I grew up near Lisbon (Forte da Casa, ao lado de Alverca) and lived there most of my life. Moved to the UK 6 years ago and then to Vancouver 3 years later. Never got into Snowboarding when I was back there, loved watching, but had no $$$ to travel to Andorra or whatever. Have you been to Serra da Estrela lately? Seems tiny. How much does a lift ticket go for up there?

Cheers
Tiago


----------



## Guilhas (Oct 11, 2011)

Hey Tiago!
I don´t go very often to Serra da Estrela because it´s too small, it has only 8km of trails. But the people over there try to make a small snowpark so we can enjoy the ride. The price for the lift ticket is around 25 euros a day!! Normally i do snowboard in Sierra Nevada in Spain or in Andorra.

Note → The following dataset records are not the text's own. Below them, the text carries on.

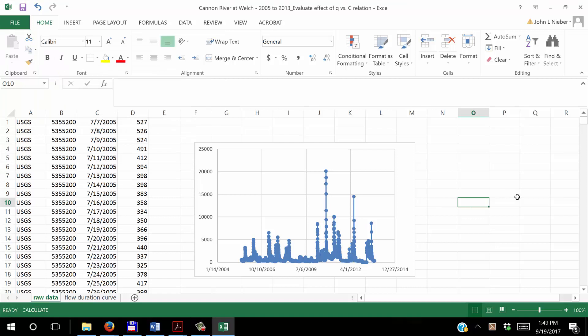This is a video that illustrates the development of a flow duration curve and a load duration curve for the Cannes River at Welch Village, looking at the total suspended solids and quantifying sediment loads.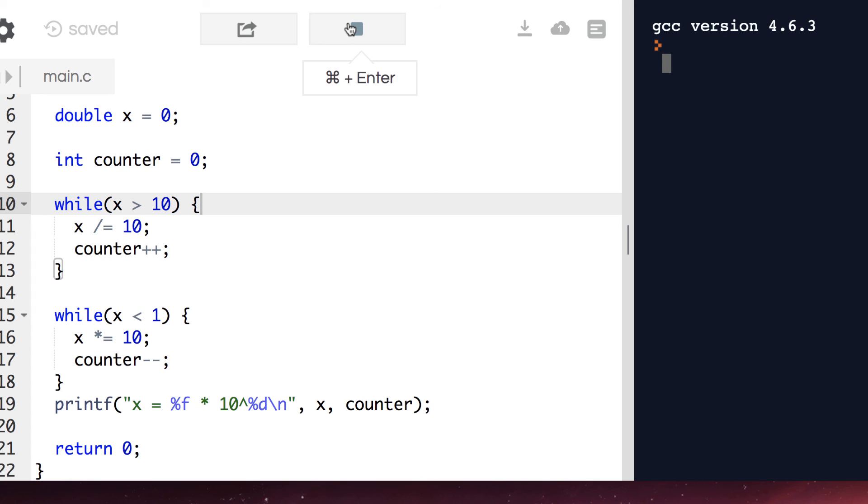X is not greater than 10, so it's not the first loop. But X is less than 1, so the second loop executes. But every time we multiply 0 by 10, we never get anywhere. We'll cover how to kill infinite loops here shortly.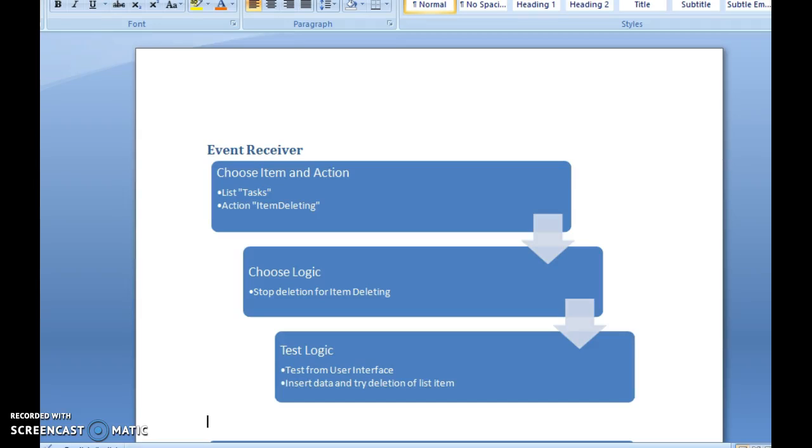Good day! In today's demonstration, we are going to have a look at creating a simple event receiver for SharePoint 2013 using Visual Studio.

I have been to go to the Alps, maybe this year.

Cheers


----------



## unxetas (Oct 11, 2011)

Sierra Nevada is what, an 8 hour drive from Lisbon? That's dedication for sure. How often do you go out there? I'm spoiled here for sure, being able to pick between 3 mountains to ride after work is pretty damn cool  Whistler is a couple hours away and I haven't even been there yet!


----------



## Guilhas (Oct 11, 2011)

From Lisbon it´s about 6 hours, but i have a house in Algarve and from there it´s about 4 hours. I go to Sierra Nevada 2 weekends or more for season, and i spend 1 or 2 full weeks in Andorra for season, and that´s it. It´s an 11 hours drive to Andorra by car.. You are a lucky guy for sure, being able to pick where you want to snowboard after work, that´s amazing..i only dream with it! At least, here i can get to the beach in 15/20min!


----------